_WHAT IS REQUIRED_.
Exactly the lines from the start of the data below through the line containing "casablanca (39 styles)" must be returned, and no others.

_THE DATA_.
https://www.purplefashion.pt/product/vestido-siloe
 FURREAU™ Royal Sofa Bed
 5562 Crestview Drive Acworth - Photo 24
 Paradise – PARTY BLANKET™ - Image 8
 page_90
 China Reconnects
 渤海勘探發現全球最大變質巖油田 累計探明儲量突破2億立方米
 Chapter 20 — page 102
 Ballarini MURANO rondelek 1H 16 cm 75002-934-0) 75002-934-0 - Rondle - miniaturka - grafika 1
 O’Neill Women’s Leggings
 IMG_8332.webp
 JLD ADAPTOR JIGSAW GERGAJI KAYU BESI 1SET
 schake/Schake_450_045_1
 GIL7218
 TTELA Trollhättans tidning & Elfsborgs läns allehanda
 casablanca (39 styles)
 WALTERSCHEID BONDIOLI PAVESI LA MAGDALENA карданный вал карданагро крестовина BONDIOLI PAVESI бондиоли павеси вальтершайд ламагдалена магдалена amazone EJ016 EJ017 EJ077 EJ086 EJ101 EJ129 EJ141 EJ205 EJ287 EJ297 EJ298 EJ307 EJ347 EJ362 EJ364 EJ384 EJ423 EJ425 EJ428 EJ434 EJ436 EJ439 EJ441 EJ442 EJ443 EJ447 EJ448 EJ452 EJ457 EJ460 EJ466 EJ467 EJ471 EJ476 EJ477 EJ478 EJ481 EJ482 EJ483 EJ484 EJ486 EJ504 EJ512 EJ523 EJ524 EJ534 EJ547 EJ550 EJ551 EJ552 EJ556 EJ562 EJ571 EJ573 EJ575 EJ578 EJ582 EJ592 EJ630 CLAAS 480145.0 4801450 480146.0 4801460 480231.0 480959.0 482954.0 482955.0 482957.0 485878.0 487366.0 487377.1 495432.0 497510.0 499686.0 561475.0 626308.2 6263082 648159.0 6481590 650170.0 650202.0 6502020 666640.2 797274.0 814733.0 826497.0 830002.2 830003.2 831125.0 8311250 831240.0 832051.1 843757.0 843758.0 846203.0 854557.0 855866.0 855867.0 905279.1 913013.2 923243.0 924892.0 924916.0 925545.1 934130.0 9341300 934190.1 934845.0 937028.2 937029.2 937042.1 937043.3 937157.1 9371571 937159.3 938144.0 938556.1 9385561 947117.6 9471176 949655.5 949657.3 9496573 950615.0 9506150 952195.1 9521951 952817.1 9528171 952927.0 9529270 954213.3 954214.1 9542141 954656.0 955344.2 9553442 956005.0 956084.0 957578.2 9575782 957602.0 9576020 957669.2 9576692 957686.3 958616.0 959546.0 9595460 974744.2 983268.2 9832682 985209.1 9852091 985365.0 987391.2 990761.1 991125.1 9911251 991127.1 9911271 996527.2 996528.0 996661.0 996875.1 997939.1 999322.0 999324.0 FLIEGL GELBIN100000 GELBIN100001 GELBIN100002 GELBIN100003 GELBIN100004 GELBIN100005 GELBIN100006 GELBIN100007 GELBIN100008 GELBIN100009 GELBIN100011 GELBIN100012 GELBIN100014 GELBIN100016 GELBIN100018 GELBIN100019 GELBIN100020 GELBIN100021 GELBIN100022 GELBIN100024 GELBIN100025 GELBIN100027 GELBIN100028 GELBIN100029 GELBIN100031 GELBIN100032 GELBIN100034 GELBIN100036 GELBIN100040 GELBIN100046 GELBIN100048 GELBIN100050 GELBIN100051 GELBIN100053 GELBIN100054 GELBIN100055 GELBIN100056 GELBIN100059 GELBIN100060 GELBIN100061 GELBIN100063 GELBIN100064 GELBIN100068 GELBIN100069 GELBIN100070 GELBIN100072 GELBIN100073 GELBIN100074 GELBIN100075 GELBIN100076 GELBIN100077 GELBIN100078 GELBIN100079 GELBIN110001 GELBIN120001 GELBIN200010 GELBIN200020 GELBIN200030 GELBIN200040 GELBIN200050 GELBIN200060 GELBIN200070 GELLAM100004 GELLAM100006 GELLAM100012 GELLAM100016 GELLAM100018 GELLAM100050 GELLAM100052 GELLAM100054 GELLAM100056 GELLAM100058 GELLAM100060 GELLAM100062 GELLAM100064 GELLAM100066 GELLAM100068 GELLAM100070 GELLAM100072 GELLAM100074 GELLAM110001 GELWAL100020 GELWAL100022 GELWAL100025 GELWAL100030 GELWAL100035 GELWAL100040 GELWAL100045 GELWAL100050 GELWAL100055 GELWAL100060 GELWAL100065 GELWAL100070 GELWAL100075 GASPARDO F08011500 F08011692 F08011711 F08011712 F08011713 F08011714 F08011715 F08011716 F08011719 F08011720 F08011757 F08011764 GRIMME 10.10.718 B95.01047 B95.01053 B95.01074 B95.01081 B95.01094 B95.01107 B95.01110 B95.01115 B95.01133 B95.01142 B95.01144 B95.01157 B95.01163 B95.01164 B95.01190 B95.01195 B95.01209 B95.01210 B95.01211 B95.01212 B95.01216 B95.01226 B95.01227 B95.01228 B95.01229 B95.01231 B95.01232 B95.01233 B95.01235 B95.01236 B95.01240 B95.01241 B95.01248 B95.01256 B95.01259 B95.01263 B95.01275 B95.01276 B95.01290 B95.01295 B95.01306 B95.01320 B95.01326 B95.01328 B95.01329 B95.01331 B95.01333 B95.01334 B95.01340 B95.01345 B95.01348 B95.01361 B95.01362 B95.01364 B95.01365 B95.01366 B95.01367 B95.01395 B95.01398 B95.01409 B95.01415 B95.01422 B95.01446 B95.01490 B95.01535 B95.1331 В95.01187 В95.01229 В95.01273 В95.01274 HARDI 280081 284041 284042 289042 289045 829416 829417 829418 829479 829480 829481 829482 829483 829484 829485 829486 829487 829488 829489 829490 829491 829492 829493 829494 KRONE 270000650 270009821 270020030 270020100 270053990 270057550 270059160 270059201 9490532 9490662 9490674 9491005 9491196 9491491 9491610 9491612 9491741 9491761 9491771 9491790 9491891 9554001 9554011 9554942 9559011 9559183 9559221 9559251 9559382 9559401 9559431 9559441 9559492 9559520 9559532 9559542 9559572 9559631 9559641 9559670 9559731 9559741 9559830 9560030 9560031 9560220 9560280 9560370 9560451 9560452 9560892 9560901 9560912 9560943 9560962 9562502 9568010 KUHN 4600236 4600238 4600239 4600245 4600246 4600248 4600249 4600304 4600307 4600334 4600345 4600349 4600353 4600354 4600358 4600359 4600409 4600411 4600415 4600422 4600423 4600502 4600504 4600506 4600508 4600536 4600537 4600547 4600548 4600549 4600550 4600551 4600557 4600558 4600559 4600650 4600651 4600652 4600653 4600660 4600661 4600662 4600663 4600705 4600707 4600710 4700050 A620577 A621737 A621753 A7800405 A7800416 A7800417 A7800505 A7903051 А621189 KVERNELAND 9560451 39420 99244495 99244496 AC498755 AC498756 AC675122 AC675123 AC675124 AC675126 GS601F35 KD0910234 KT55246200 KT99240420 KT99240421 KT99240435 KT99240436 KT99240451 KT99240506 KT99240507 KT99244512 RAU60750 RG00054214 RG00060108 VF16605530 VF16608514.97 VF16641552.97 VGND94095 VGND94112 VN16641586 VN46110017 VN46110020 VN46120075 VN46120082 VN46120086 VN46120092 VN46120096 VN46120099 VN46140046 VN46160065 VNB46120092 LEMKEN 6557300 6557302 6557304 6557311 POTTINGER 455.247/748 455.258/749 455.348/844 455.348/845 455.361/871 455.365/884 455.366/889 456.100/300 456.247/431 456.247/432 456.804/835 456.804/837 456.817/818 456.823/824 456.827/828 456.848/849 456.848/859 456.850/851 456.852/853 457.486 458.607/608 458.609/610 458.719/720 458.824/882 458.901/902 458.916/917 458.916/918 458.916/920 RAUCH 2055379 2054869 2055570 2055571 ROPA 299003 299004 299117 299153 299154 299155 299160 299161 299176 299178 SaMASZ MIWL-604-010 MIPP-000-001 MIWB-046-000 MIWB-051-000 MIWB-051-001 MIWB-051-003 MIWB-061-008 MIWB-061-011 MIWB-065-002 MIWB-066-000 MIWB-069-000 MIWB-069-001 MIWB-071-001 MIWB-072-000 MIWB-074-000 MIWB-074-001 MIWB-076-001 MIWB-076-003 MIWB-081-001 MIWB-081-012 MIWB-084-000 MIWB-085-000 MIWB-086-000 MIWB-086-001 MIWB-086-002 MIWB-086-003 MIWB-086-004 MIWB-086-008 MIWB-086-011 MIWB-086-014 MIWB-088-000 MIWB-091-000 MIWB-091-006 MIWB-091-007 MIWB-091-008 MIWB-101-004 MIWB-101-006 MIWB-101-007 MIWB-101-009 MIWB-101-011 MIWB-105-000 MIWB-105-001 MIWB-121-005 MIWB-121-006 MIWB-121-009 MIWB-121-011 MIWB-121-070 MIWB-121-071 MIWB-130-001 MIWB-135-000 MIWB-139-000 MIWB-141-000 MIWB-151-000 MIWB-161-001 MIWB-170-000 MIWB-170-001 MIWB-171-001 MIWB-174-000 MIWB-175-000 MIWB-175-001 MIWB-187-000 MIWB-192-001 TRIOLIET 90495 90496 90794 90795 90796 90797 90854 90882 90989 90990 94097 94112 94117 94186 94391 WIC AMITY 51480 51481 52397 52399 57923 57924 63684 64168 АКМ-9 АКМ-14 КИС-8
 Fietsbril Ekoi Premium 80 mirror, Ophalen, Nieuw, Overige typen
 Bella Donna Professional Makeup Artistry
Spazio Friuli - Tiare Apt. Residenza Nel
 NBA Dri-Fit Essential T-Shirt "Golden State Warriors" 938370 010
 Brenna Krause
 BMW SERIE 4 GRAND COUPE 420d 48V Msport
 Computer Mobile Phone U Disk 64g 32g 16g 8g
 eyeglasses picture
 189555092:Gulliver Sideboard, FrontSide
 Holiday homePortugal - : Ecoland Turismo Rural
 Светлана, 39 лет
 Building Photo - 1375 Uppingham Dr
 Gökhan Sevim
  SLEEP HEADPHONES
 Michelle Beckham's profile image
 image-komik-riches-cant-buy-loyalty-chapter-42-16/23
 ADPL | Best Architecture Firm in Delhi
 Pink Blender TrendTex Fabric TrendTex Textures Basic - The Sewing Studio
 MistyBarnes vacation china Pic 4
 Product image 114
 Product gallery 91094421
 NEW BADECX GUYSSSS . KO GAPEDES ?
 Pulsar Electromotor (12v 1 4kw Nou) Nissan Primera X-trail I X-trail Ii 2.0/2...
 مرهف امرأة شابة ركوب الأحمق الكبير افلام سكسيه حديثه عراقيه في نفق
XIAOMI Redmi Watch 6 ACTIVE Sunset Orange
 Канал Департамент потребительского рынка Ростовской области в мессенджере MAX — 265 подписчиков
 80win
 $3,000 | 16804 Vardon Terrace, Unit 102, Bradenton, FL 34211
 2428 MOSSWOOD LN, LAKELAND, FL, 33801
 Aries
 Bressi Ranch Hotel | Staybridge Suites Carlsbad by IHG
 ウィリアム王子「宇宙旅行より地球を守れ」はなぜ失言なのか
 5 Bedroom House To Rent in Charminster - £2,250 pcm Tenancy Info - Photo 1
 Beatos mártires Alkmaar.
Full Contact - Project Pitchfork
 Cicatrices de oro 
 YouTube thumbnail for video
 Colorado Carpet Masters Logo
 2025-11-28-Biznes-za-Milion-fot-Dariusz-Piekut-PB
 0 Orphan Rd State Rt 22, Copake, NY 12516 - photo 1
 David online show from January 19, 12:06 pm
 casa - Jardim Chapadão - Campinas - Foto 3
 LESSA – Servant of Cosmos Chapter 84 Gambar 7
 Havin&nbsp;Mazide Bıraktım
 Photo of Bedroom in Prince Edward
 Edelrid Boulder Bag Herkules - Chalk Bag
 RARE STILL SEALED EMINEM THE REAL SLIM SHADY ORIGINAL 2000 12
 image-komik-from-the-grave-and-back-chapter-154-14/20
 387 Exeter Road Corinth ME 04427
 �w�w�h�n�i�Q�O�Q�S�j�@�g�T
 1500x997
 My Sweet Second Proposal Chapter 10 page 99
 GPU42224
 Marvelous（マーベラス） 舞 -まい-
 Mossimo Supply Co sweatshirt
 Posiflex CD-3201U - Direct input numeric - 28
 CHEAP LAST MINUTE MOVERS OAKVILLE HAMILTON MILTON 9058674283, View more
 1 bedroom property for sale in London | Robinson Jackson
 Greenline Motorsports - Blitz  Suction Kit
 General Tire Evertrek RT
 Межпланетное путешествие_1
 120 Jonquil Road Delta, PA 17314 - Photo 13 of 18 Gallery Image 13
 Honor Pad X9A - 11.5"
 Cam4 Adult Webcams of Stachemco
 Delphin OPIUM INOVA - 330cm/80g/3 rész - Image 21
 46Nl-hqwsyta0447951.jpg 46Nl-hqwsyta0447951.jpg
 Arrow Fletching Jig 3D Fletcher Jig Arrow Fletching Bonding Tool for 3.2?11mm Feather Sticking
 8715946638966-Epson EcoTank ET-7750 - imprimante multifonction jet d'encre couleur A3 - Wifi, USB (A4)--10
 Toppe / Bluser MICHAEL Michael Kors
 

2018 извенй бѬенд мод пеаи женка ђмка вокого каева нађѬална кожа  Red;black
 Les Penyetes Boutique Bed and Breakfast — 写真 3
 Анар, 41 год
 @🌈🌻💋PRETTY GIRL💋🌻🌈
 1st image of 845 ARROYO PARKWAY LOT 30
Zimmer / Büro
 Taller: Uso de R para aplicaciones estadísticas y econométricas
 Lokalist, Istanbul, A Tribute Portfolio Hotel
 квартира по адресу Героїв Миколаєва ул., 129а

_YOUR SOLUTION_.
https://www.purplefashion.pt/product/vestido-siloe
 FURREAU™ Royal Sofa Bed
 5562 Crestview Drive Acworth - Photo 24
 Paradise – PARTY BLANKET™ - Image 8
 page_90
 China Reconnects
 渤海勘探發現全球最大變質巖油田 累計探明儲量突破2億立方米
 Chapter 20 — page 102
 Ballarini MURANO rondelek 1H 16 cm 75002-934-0) 75002-934-0 - Rondle - miniaturka - grafika 1
 O’Neill Women’s Leggings
 IMG_8332.webp
 JLD ADAPTOR JIGSAW GERGAJI KAYU BESI 1SET
 schake/Schake_450_045_1
 GIL7218
 TTELA Trollhättans tidning & Elfsborgs läns allehanda
 casablanca (39 styles)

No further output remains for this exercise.